■ **Exercise instructions**: Leave out the images; return the rest of the data exactly.

■ **Data section**:
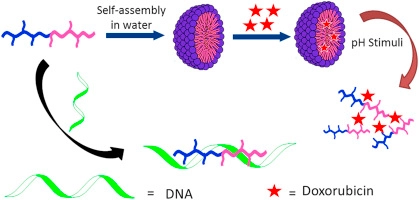 RAFT derived fatty acid based stimuli responsive fluorescent block copolymers as DNA sensor and cargo delivery agent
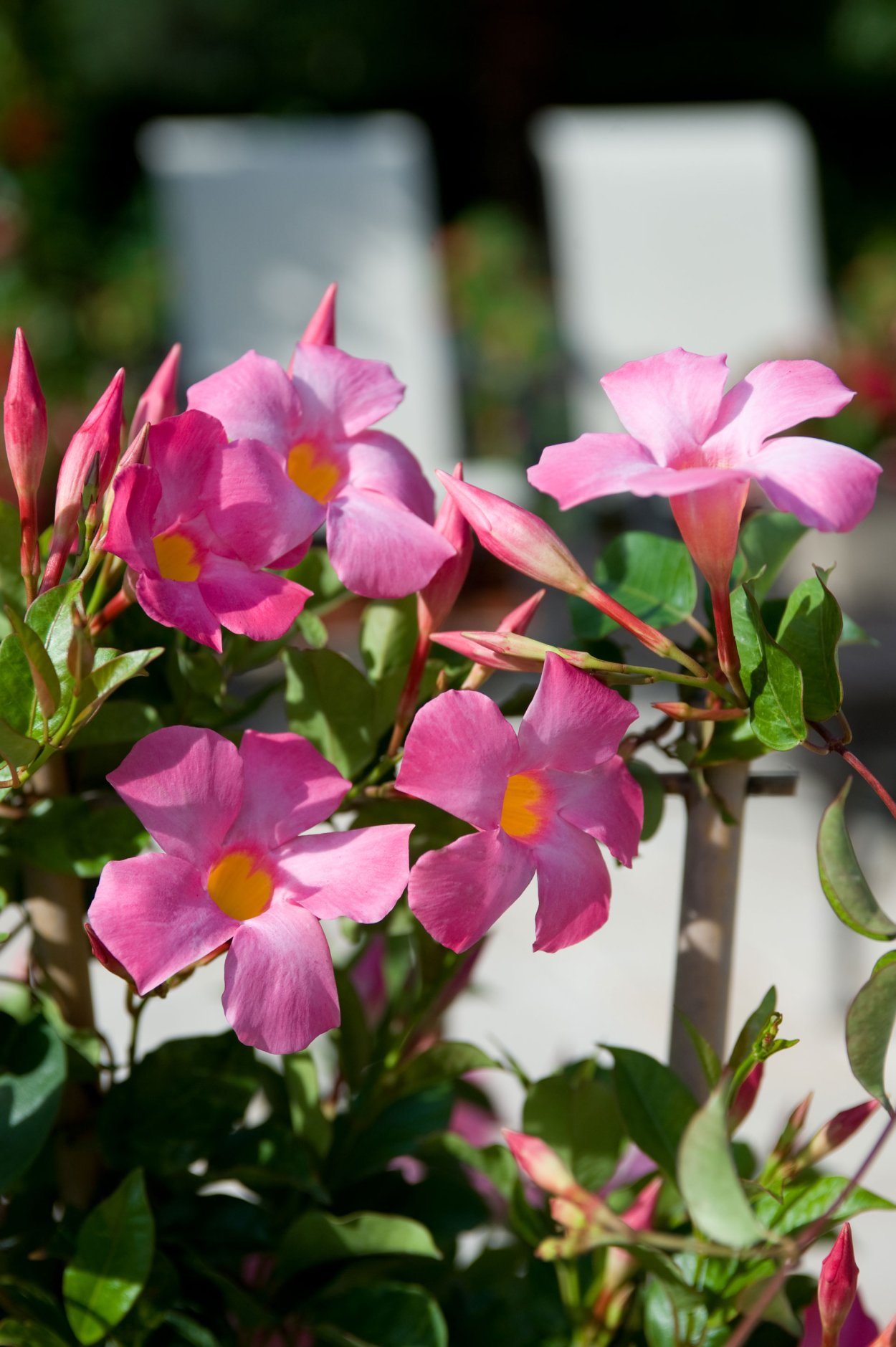 Дипладения ампельная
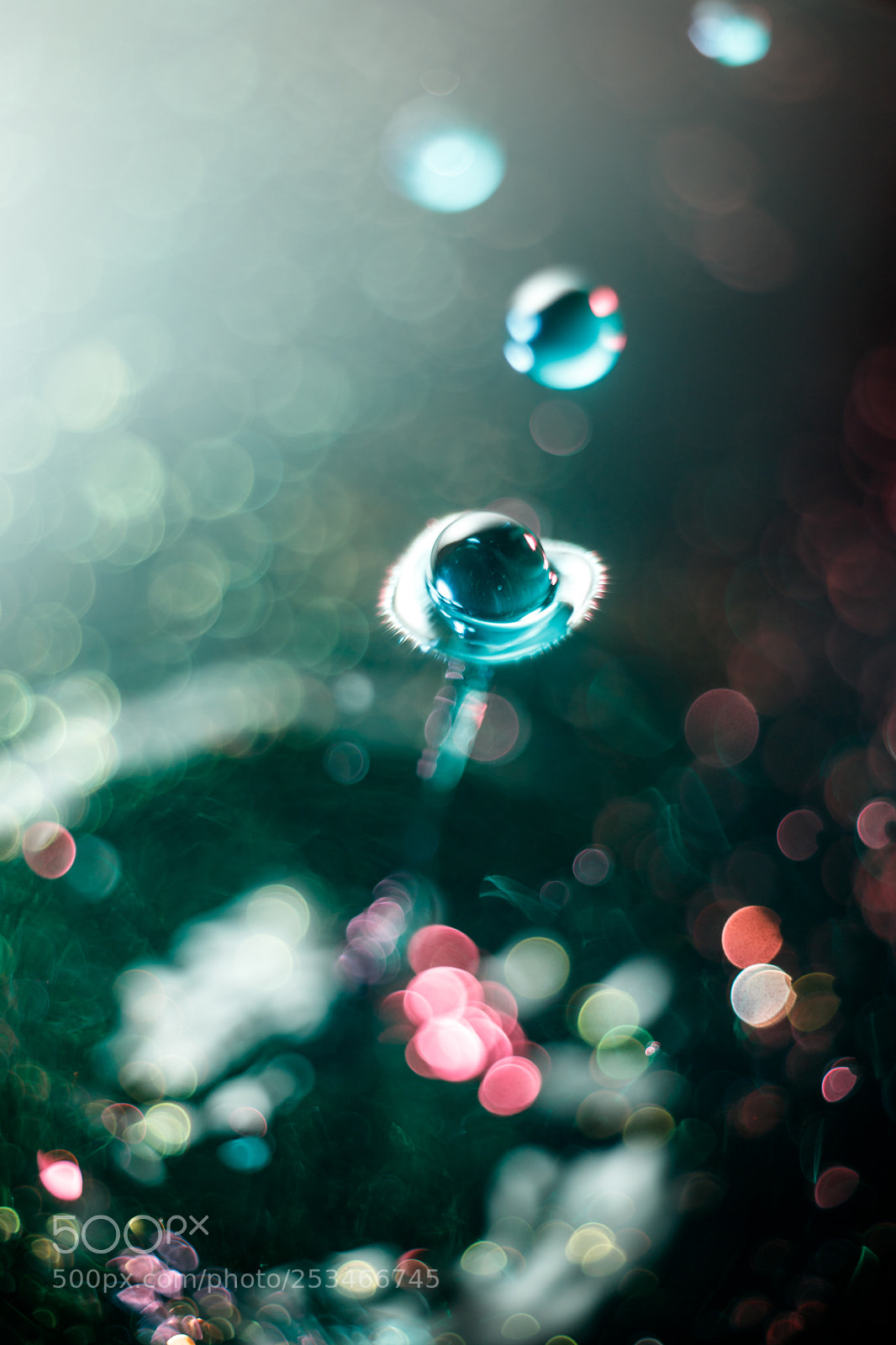 Canon EOS 6D Mark II sample photo. Water experiments #9 photography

■ **Answer box**:
 RAFT derived fatty acid based stimuli responsive fluorescent block copolymers as DNA sensor and cargo delivery agent
 Дипладения ампельная
 Canon EOS 6D Mark II sample photo. Water experiments #9 photography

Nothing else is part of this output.